MEMORY LANE: Reversal of fiber

Thu, 04/30/2009 - 8:25pm
Stewart Schley, Media & technologywriter, Denver, Colo.

Today’s HFC cable networks rely on
laser-infused optical networks to do their heavy lifting.

With its Victorian-style houses and quiet, tree-lined streets, the city of Alameda, Calif., exudes little of the urban hurriedness of nearby cities Oakland or San Francisco. Alameda, which is located on a small island, looks and feels like Stewart Schleysmall-town America. Among its few notable creations are the Popsicle and the snow cone. The flavored-ice treats were introduced at a local amusement park, Neptune Beach, which was popular in the 1920s and 1930s.

In the annals of cable telecommunications, though, Alameda owns a unique status: It was the site of the first large-scale deployment of a cable network using fiber-optic lines to transmit video signals.

But that’s only part of the story. Equally absorbing is the fact that the cable system serving Alameda got the fiber part backwards.

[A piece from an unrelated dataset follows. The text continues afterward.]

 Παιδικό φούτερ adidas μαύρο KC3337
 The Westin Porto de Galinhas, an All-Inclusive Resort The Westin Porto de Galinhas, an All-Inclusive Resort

Flash forward: Today’s hybrid fiber/coax cable networks rely on laser-infused optical networks to do their heavy lifting. Hundreds of video channels and a sea of data packets representing Internet content and phone calls flow outward from transmitters through high-capacity fiber lines. They end up at neighborhood-serving nodes, where the signals hop from fiber over to shielded coaxial cables that carry them to a few hundred nearby homes.

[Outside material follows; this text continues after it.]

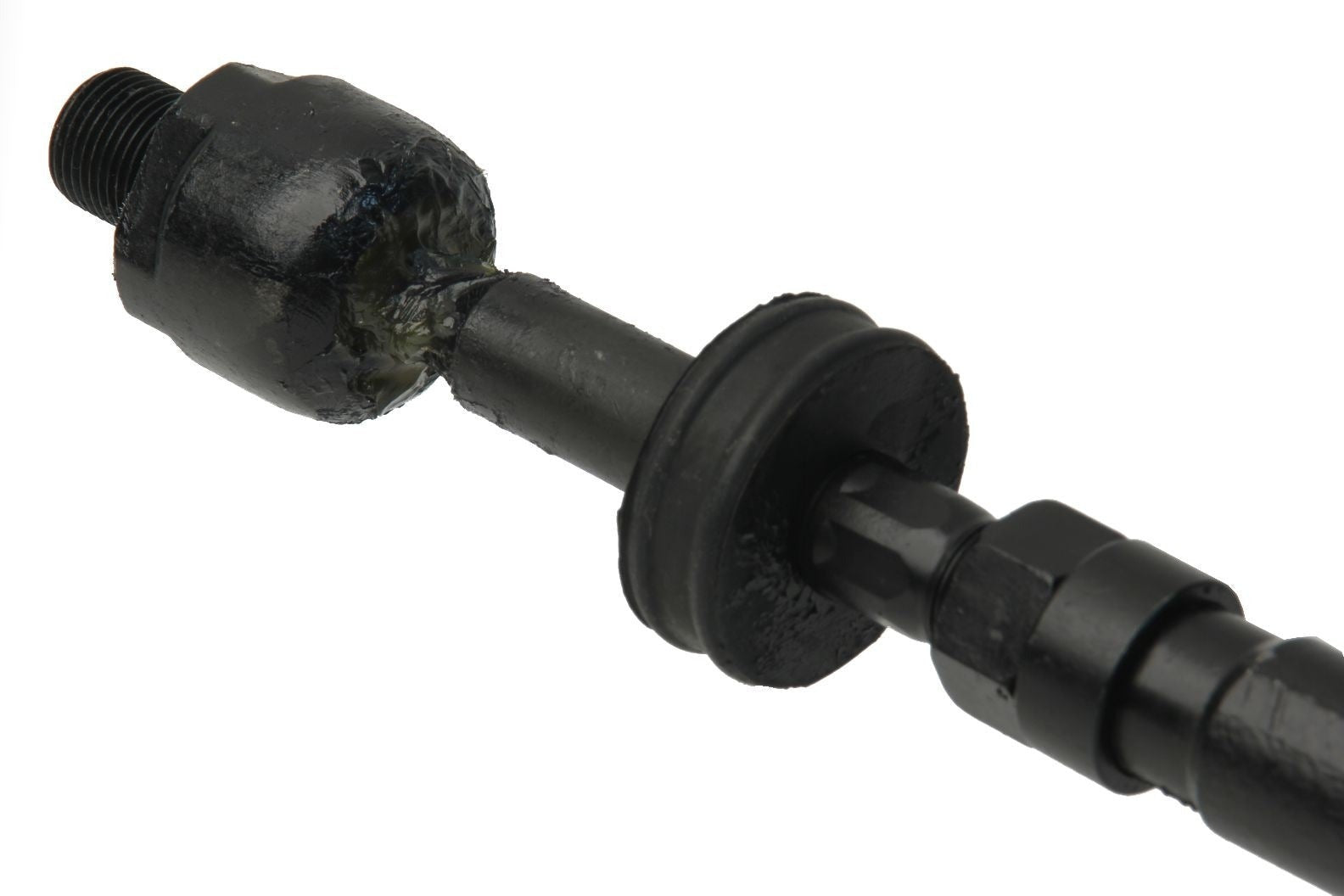 BMW E39 5-Series Tie Rod Assembly OEM 32111094673 or 32111094674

The idea is to get signals out to the neighborhood using highly reliable fiber strands, and then to hand off signals to existing coax for their final ride to the home. By parsing an entire regional cable network into neighborhood nodes, providers effectively create thousands of miniature cable systems, each fed by their own discrete swath of fiber-fed bandwidth. It’s the architecture that makes video-on-demand and high-speed Internet services over cable possible.

But VOD and broadband data services were faint and futuristic dreams when Denver-based United Cable Television began wiring Alameda for cable service in 1983. There was no Internet to be harnessed and no engineering model in the works that envisioned replacing cable’s amplified trunk lines with nimble, high-capacity fiber.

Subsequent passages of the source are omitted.